BHA05-KartthapaSwamigal
Bharathiayar Stories
Madurai Project. Article in Tamil
Translation: Veeraswamy Krishnaraj
The Peacock tells the Karthapa Swamigal a story.

1. The Peacock: "Dear Rasika Māmā (uncle). Hear my story. A donkey named Bakthivistharan lived in the house of a dhobi (washerman)in the city of Ramanagaram on the banks of the Ganges River. The donkey is a pacific animal, always obedient to its mother and everyone else. When children stone it, it would not run away braying but stay put, being the Avatar of patience.

2. While the donkey was grazing on the grass under a tree on the banks of the Ganges River, it was listening to the conversation attentively between the two crows on the tree.

3. One crow said, "In Prayag, where Ganges and Yamuna join, any person committing suicide will certainly attain in the next birth a life form he thought of at that moment of his death. Did you ever hear of this piece of information?"

4. The second crow answered, "Who told you this?"

5. The first crow said, "I am not allowed to tell you who said this to me. It is a secret but a truth. I know it for sure."

6. The second crow insisted, "Who did tell you this?"

7. The first crow replied, "Hey, you a faithless bird! You will never receive final bliss. You are asking me who told this. My Guru told me. There is no Jñāni like him even in Brahmaloka. Once Brahmadeva had doubts about his creative portfolio. He sent Narada to bring his Guru to him and got his doubt clarified and removed."

8. Hearing this, the second crow laughed and took a flight away from there. Having listened to the conversation, the donkey left the place and walked night and day to reach "Trivoni Sangamam," the site where Ganges and Yamuna join.

9. At the point of confluence, thinking as follows, died of immersion. "I have no happiness in North India. My next birth should be in South India. I must be a happy Sannyasi with no family responsibility, enjoying carefree peregrinations, and eating free food from people. But my donkey persona should not change. By external appearance, I must be a Sannyasi and enjoy all the hospitality, though, in my mind, I should always hold in my memory,' I am a donkey.'

10. The donkey died with these thoughts and took birth in south India in the next birth as a baby boy to a good family. The parents christened him "Muthuswamy." Muthuswamy had in his mind that he was a donkey.

11. There was no memory of the past life. That he was unlike others, and he was a donkey inside, did not leave his mind.

12. He took to the life of a Sannyasi before he turned 16, wore ochre clothes, and went from place to place begging for food. He relinquished his natal name Muthuswamy and christened himself Karthapa Swamigal. Karthapam in Sanskrit means donkey.

13. He knew Tamil and Sanskrit and worshipped Vayiravar. He advanced the theory and wrote a book saying all world languages came from Sanskrit and sprouted from Tamil by giving proof. He wrote in his book that in Baratha country, Jātis counted only 4000 and dwindled down with no justice from a high of 40,000 Jātis and that the old tradition should be revived.
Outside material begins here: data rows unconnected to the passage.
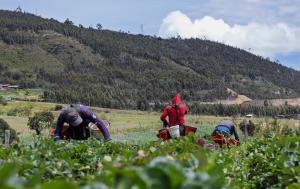 Fotografía de campesinos recolectando fresas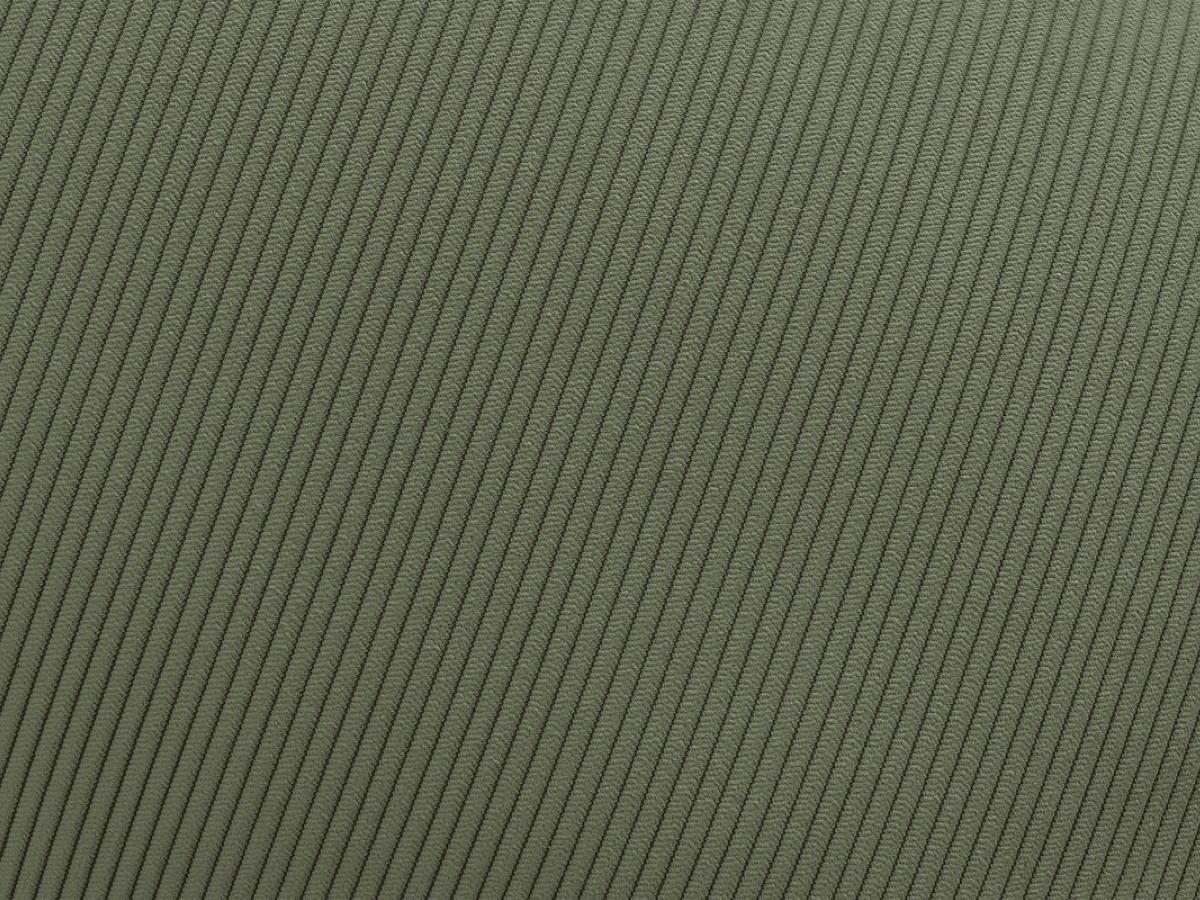 VELOURS CÔTELÉ FIN TYPE A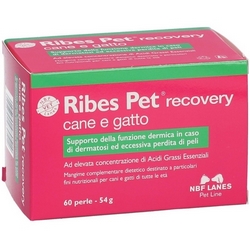Ribes Pet Recovery Perle 40,2g - Pagina prodotto: https://www.farmamica.com/store/dettview.php?id=6936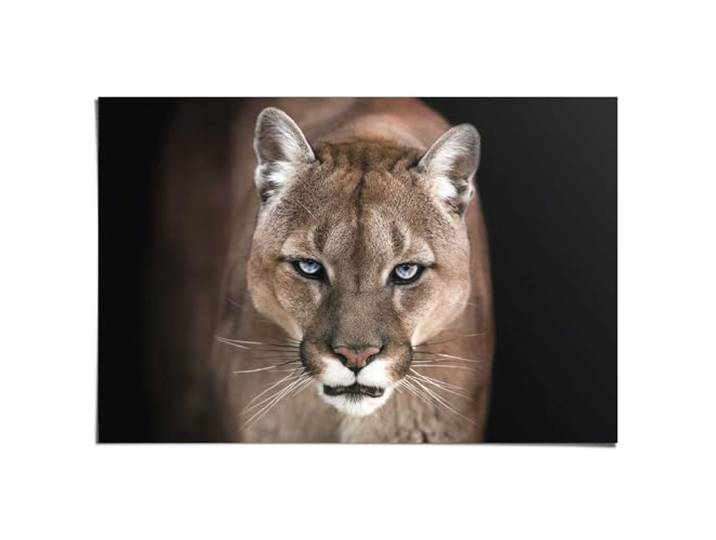 REINDERS Poster, Puma, Schlafzimmer, Poster, Wanddeko, Room Decor, Bilderdruckpapier, Beige, 61 x 91,5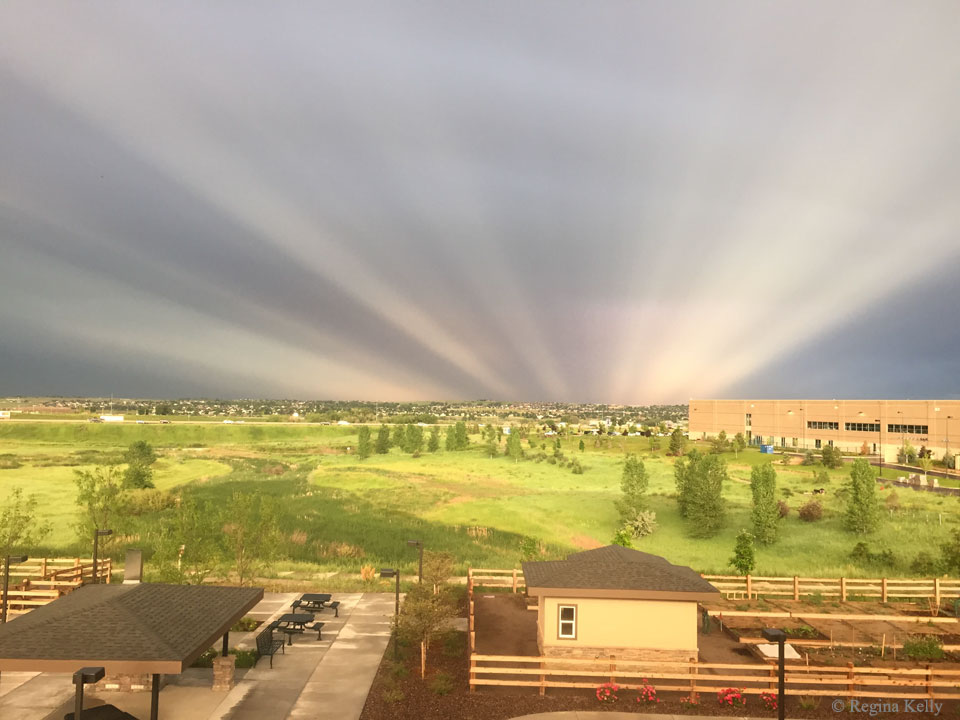 Anticrep02_Kelly_960.jpg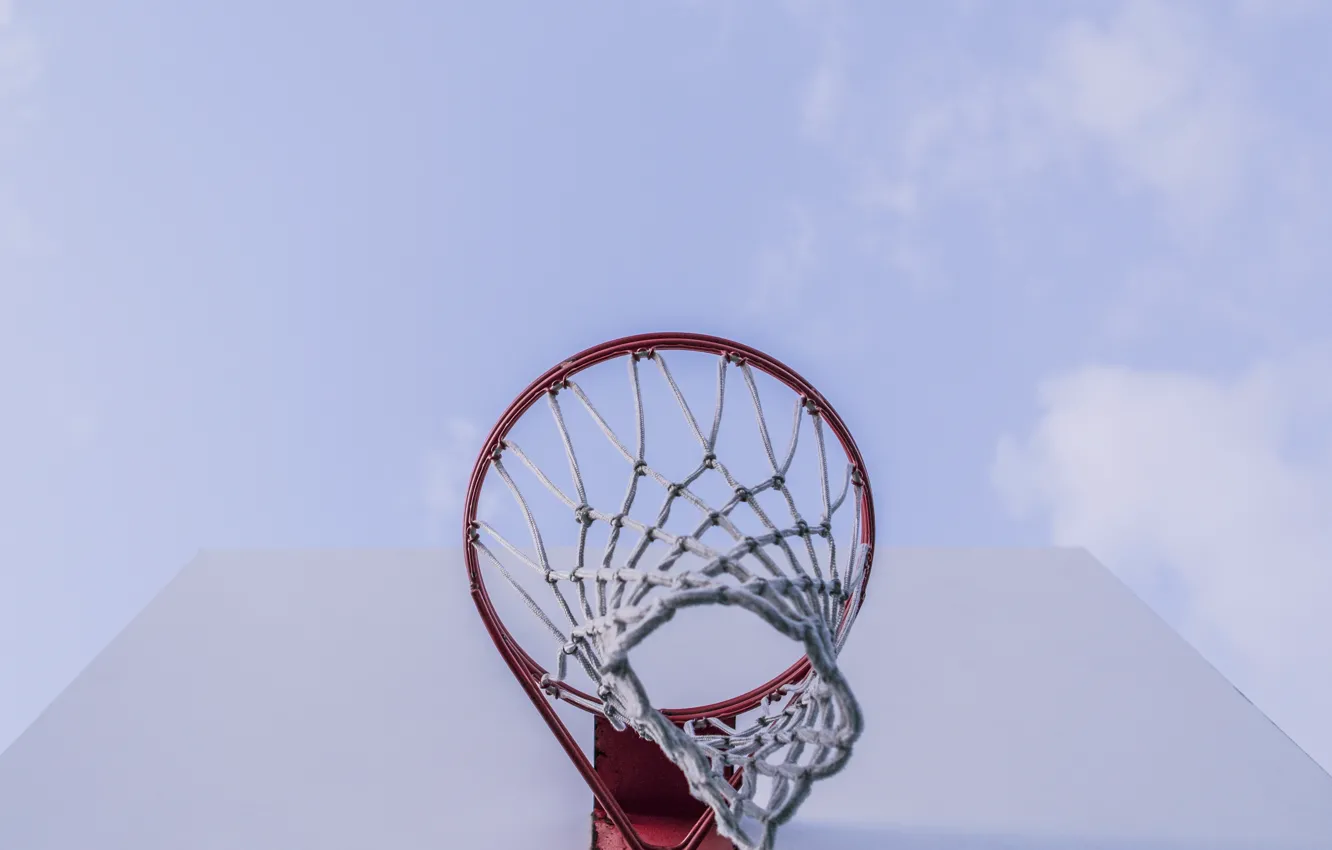 Фото обои сетка, кольцо, щит, баскетбол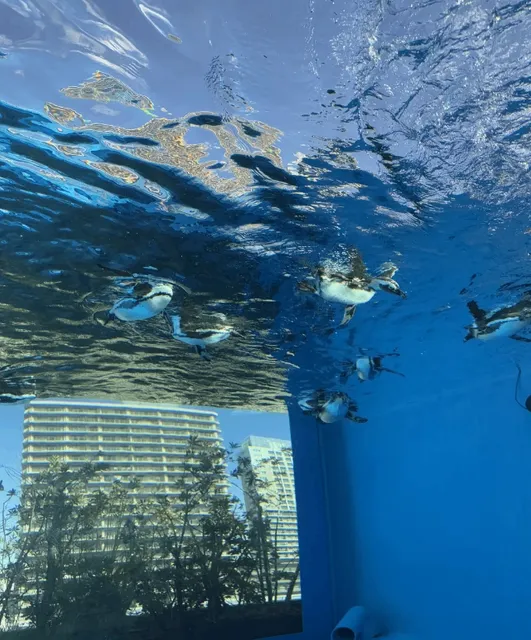 Tokyo Museum and Aquarium Guide 🎨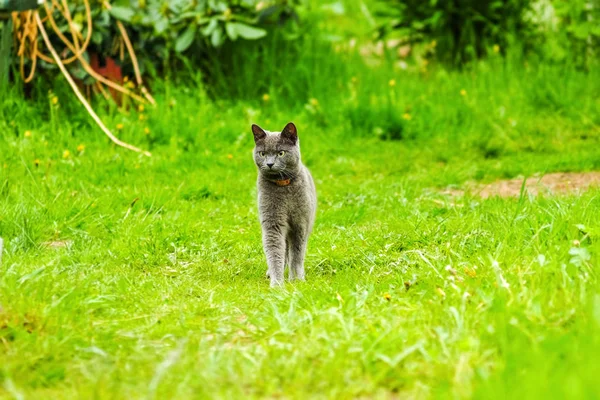 Beautiful portrait of a Scottish fold cat — Stock Photo, Image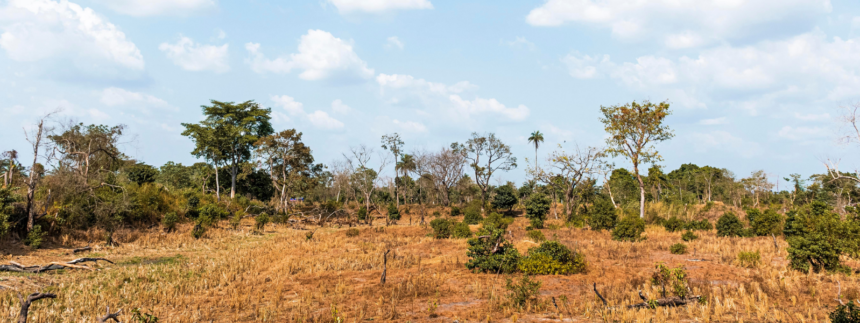 mpto-fecha-acordo-historico-e-viabiliza-recuperacao-de-3,3-mil-hectares-no-cerrado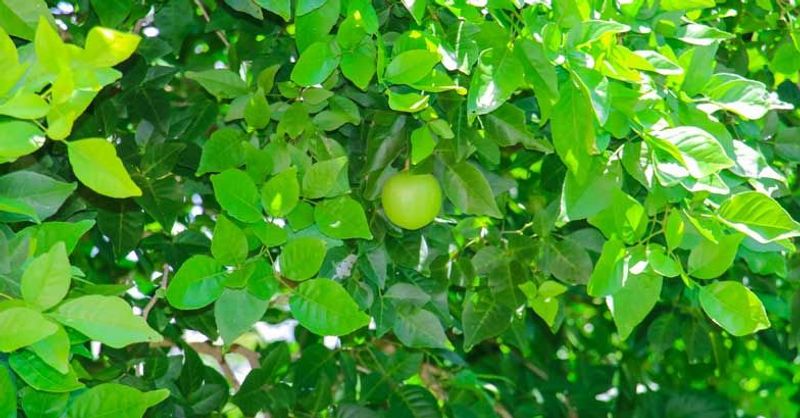 Benefits of Planting Koovalam Tree at Home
14. He looked at the dictionary, gathered all the deities' names, called them the names of his Ishta Devata Vayirava Mūrthy, and established Nāmavaḷi (a list of deities names).

15. He established a party on the premise that all Brahmin boys are Sudras until they receive the sacred thread, that his relatives should not eat food within the boy's eyesight and that it is improper conduct against established Brahmin tradition. After nursing her infant, a mother should take a cleansing bath (because they are Sudras before Upanayanam. If the mother touches vessels before a bath, she and her family will go to Rauravathi hell.

16. Karthapa Swamigal accumulated money and had a host of devotee-pupils. He built a Matam and named it "Forty-Thousand-Jātibedha-Drāvida-Vaiyirava-Kartthapa-Brahmana-Child- Bahishkāra- Mahā-Matam." A snake girl by the name of Rojapū came to the Matam.